- **Exercise brief**
Line by line, transcribe the data below exactly and pass over the images.

Records supplied Block Start

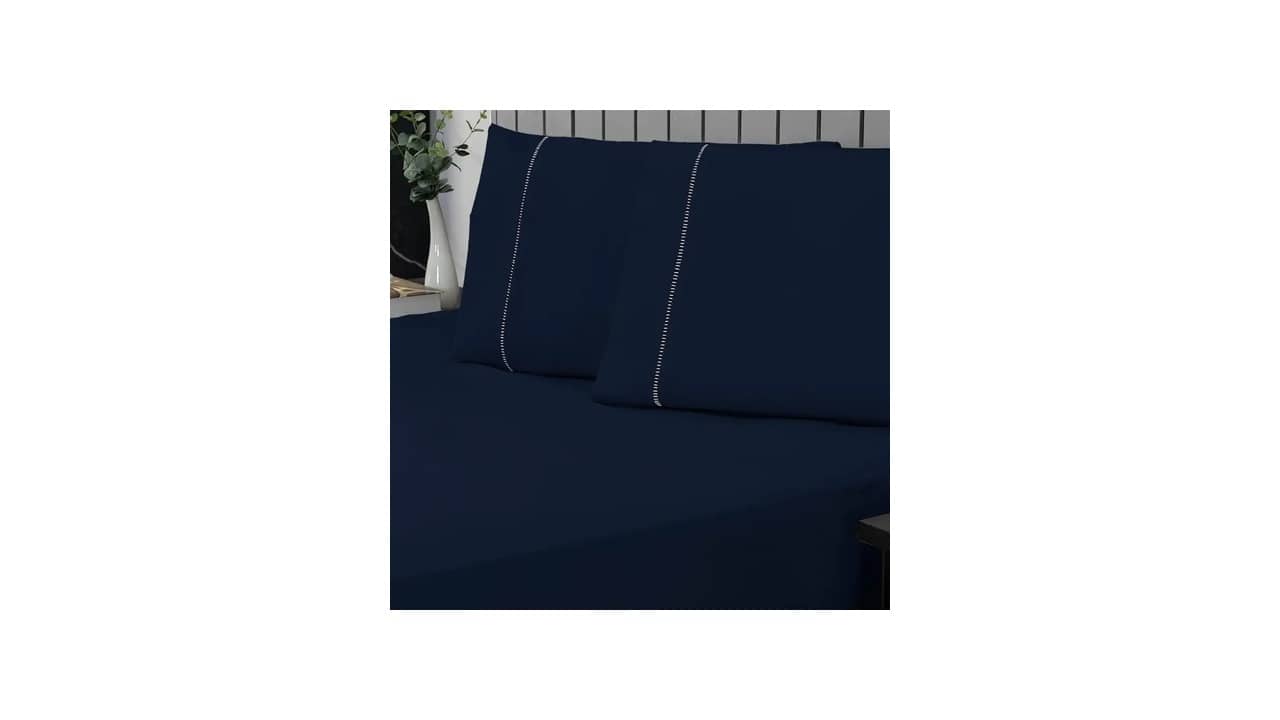 Melhor Lençol de Cama: 10 Modelos de Alta Qualidade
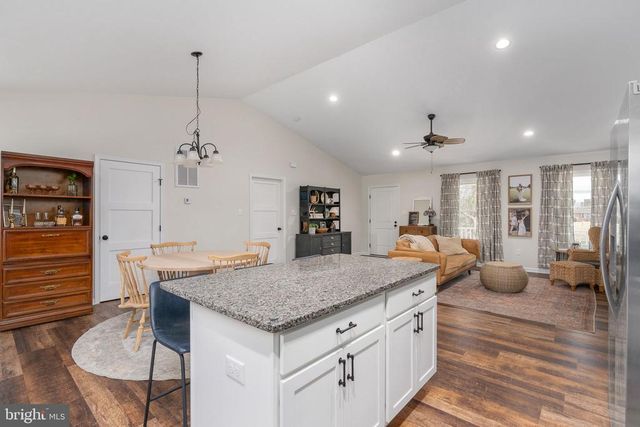 158 RED HILL RD, Orange, VA 22960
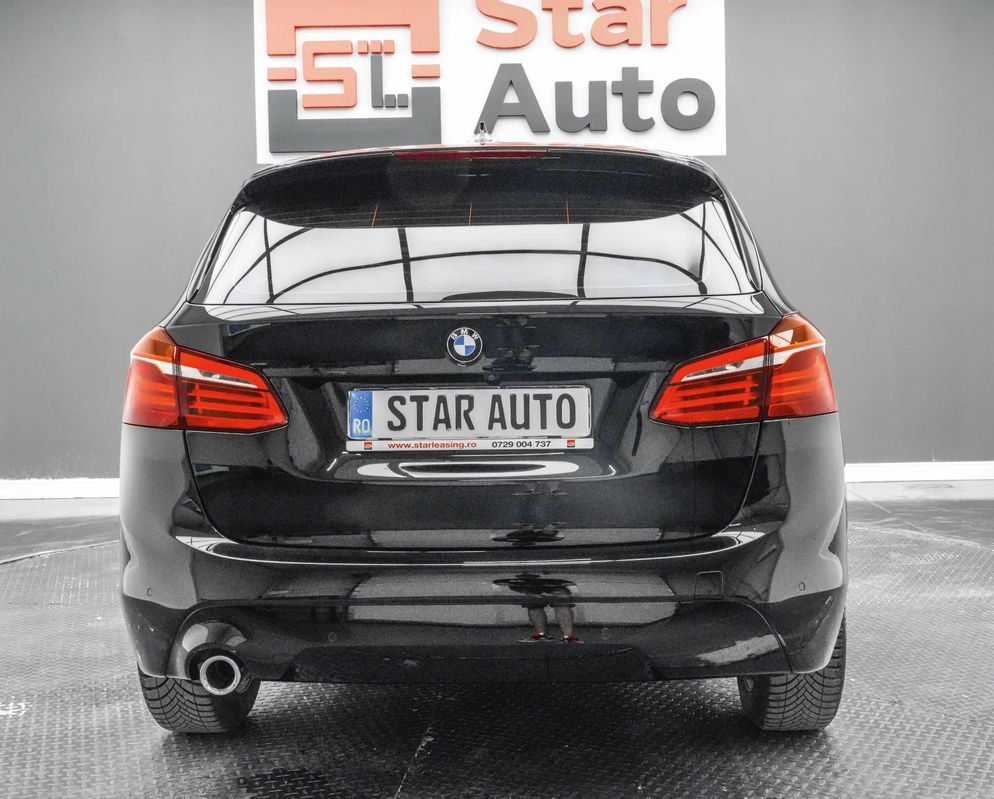 BMW 2 Series 2022 — imagine 5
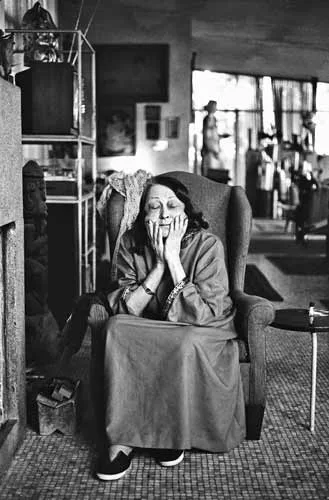 Lina Bo Bardi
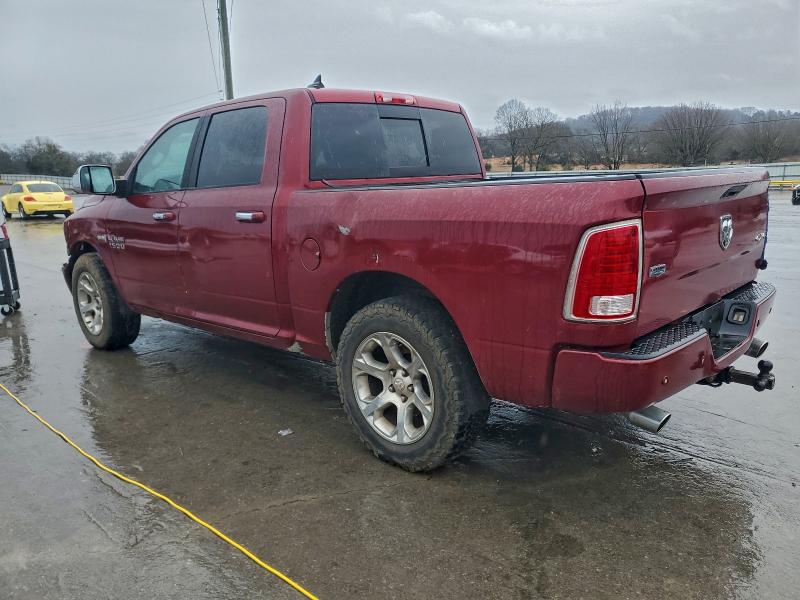 Фото 2 - RAM 1500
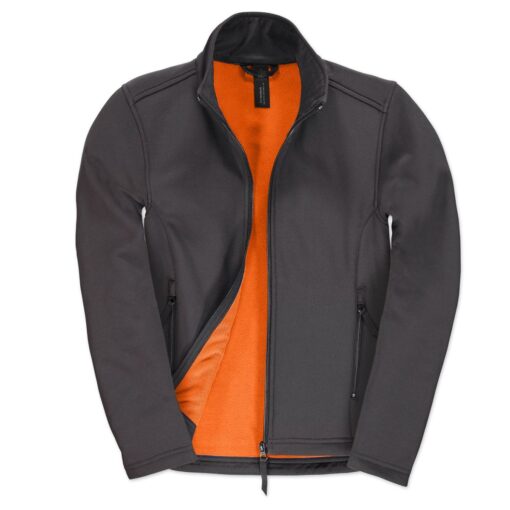 Giacca in Softshell Donna - immagine 4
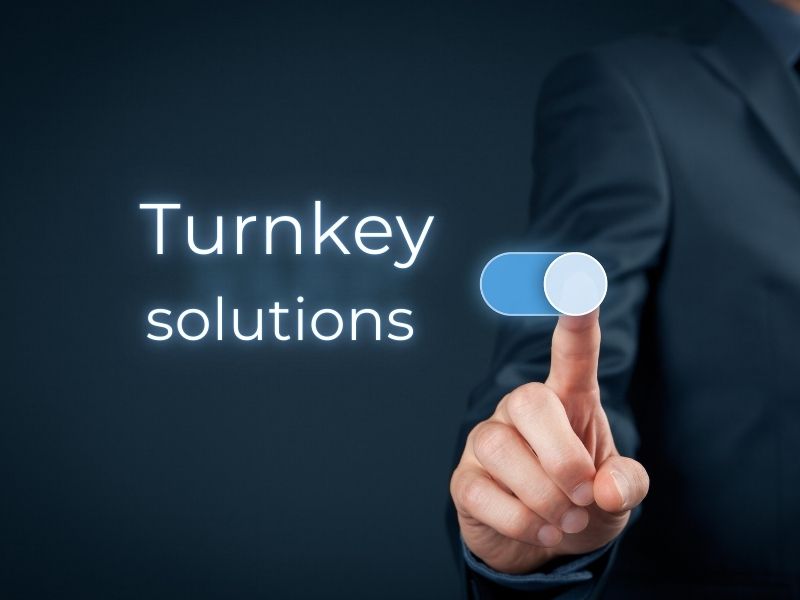 5 Reasons to Choose Turnkey Solutions for Your Dream Home in Mumbai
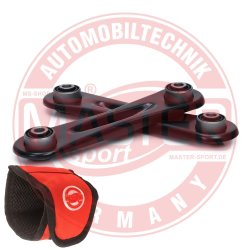 Control Trailing Arm Kit MASTER-SPORT 37063-KIT-MSM OE Ref 1220005 MASTER SPORT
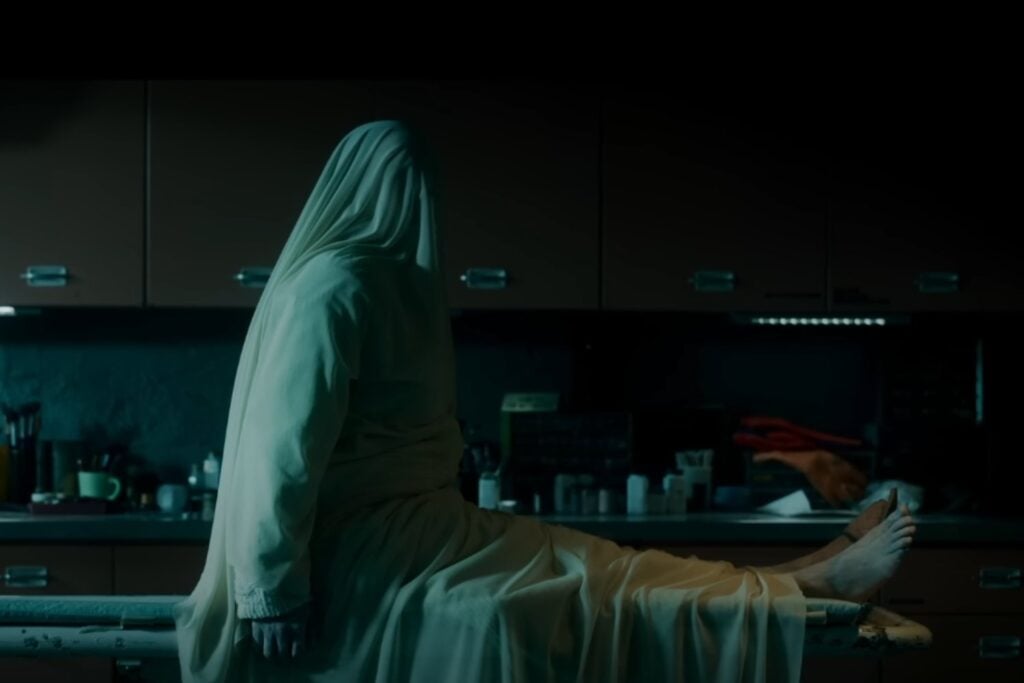 El Misterio De Salems Lot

Records supplied Block End

- **Worked solution**
 Melhor Lençol de Cama: 10 Modelos de Alta Qualidade
 158 RED HILL RD, Orange, VA 22960
 BMW 2 Series 2022 — imagine 5
 Lina Bo Bardi
 Фото 2 - RAM 1500
 Giacca in Softshell Donna - immagine 4
 5 Reasons to Choose Turnkey Solutions for Your Dream Home in Mumbai
 Control Trailing Arm Kit MASTER-SPORT 37063-KIT-MSM OE Ref 1220005 MASTER SPORT
 El Misterio De Salems Lot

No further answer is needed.